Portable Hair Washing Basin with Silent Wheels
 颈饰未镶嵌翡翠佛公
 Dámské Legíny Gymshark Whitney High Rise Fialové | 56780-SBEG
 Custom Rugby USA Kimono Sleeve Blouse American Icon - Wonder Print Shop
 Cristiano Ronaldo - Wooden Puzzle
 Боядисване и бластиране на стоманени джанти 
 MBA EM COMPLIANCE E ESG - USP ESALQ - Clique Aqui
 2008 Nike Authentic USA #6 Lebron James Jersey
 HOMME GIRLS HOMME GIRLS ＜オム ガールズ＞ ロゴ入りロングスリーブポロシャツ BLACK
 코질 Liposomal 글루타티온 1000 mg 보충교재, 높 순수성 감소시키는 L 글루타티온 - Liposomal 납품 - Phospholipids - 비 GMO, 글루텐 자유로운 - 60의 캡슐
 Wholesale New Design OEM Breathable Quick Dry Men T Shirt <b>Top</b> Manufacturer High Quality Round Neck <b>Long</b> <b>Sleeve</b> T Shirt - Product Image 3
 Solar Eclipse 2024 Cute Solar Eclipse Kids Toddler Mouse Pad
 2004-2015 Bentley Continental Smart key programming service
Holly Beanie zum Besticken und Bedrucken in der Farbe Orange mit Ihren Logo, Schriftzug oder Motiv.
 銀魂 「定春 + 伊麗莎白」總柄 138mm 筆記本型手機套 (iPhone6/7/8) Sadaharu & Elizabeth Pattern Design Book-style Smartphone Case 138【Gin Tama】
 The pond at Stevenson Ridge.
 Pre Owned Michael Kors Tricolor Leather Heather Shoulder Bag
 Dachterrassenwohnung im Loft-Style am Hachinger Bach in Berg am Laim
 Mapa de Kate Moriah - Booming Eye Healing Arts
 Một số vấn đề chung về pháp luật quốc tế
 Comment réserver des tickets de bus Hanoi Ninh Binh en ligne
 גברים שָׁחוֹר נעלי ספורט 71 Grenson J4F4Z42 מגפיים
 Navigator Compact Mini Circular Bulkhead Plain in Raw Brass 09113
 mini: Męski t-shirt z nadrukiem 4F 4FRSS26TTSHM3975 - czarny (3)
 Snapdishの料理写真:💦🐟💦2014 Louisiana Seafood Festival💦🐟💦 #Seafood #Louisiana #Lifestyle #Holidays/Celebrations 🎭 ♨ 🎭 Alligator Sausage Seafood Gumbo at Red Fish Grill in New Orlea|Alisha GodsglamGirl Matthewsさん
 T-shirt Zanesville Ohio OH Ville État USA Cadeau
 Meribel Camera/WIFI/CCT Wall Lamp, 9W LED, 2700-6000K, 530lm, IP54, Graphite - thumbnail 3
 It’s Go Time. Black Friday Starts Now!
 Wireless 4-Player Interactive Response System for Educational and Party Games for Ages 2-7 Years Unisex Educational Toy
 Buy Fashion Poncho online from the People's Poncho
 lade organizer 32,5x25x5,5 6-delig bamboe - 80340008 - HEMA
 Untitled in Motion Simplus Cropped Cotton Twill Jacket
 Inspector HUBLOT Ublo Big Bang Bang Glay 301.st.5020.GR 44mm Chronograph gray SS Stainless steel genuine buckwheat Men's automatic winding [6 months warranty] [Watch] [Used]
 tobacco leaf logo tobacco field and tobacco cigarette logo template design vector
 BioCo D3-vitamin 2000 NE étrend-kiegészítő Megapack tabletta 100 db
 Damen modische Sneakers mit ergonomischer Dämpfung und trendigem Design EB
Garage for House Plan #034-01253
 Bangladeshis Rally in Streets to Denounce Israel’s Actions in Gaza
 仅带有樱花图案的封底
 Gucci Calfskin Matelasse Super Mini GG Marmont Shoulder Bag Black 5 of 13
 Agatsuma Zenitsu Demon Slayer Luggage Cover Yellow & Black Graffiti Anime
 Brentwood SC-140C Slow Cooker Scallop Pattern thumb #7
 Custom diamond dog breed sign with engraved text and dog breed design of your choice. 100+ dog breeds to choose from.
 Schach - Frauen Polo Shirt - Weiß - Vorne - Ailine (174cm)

----

▸ **Work required**
Give back every line of the material, exactly as written.

▸ **Answer to this exercise**
Portable Hair Washing Basin with Silent Wheels
 颈饰未镶嵌翡翠佛公
 Dámské Legíny Gymshark Whitney High Rise Fialové | 56780-SBEG
 Custom Rugby USA Kimono Sleeve Blouse American Icon - Wonder Print Shop
 Cristiano Ronaldo - Wooden Puzzle
 Боядисване и бластиране на стоманени джанти 
 MBA EM COMPLIANCE E ESG - USP ESALQ - Clique Aqui
 2008 Nike Authentic USA #6 Lebron James Jersey
 HOMME GIRLS HOMME GIRLS ＜オム ガールズ＞ ロゴ入りロングスリーブポロシャツ BLACK
 코질 Liposomal 글루타티온 1000 mg 보충교재, 높 순수성 감소시키는 L 글루타티온 - Liposomal 납품 - Phospholipids - 비 GMO, 글루텐 자유로운 - 60의 캡슐
 Wholesale New Design OEM Breathable Quick Dry Men T Shirt <b>Top</b> Manufacturer High Quality Round Neck <b>Long</b> <b>Sleeve</b> T Shirt - Product Image 3
 Solar Eclipse 2024 Cute Solar Eclipse Kids Toddler Mouse Pad
 2004-2015 Bentley Continental Smart key programming service
Holly Beanie zum Besticken und Bedrucken in der Farbe Orange mit Ihren Logo, Schriftzug oder Motiv.
 銀魂 「定春 + 伊麗莎白」總柄 138mm 筆記本型手機套 (iPhone6/7/8) Sadaharu & Elizabeth Pattern Design Book-style Smartphone Case 138【Gin Tama】
 The pond at Stevenson Ridge.
 Pre Owned Michael Kors Tricolor Leather Heather Shoulder Bag
 Dachterrassenwohnung im Loft-Style am Hachinger Bach in Berg am Laim
 Mapa de Kate Moriah - Booming Eye Healing Arts
 Một số vấn đề chung về pháp luật quốc tế
 Comment réserver des tickets de bus Hanoi Ninh Binh en ligne
 גברים שָׁחוֹר נעלי ספורט 71 Grenson J4F4Z42 מגפיים
 Navigator Compact Mini Circular Bulkhead Plain in Raw Brass 09113
 mini: Męski t-shirt z nadrukiem 4F 4FRSS26TTSHM3975 - czarny (3)
 Snapdishの料理写真:💦🐟💦2014 Louisiana Seafood Festival💦🐟💦 #Seafood #Louisiana #Lifestyle #Holidays/Celebrations 🎭 ♨ 🎭 Alligator Sausage Seafood Gumbo at Red Fish Grill in New Orlea|Alisha GodsglamGirl Matthewsさん
 T-shirt Zanesville Ohio OH Ville État USA Cadeau
 Meribel Camera/WIFI/CCT Wall Lamp, 9W LED, 2700-6000K, 530lm, IP54, Graphite - thumbnail 3
 It’s Go Time. Black Friday Starts Now!
 Wireless 4-Player Interactive Response System for Educational and Party Games for Ages 2-7 Years Unisex Educational Toy
 Buy Fashion Poncho online from the People's Poncho
 lade organizer 32,5x25x5,5 6-delig bamboe - 80340008 - HEMA
 Untitled in Motion Simplus Cropped Cotton Twill Jacket
 Inspector HUBLOT Ublo Big Bang Bang Glay 301.st.5020.GR 44mm Chronograph gray SS Stainless steel genuine buckwheat Men's automatic winding [6 months warranty] [Watch] [Used]
 tobacco leaf logo tobacco field and tobacco cigarette logo template design vector
 BioCo D3-vitamin 2000 NE étrend-kiegészítő Megapack tabletta 100 db
 Damen modische Sneakers mit ergonomischer Dämpfung und trendigem Design EB
Garage for House Plan #034-01253
 Bangladeshis Rally in Streets to Denounce Israel’s Actions in Gaza
 仅带有樱花图案的封底
 Gucci Calfskin Matelasse Super Mini GG Marmont Shoulder Bag Black 5 of 13
 Agatsuma Zenitsu Demon Slayer Luggage Cover Yellow & Black Graffiti Anime
 Brentwood SC-140C Slow Cooker Scallop Pattern thumb #7
 Custom diamond dog breed sign with engraved text and dog breed design of your choice. 100+ dog breeds to choose from.
 Schach - Frauen Polo Shirt - Weiß - Vorne - Ailine (174cm)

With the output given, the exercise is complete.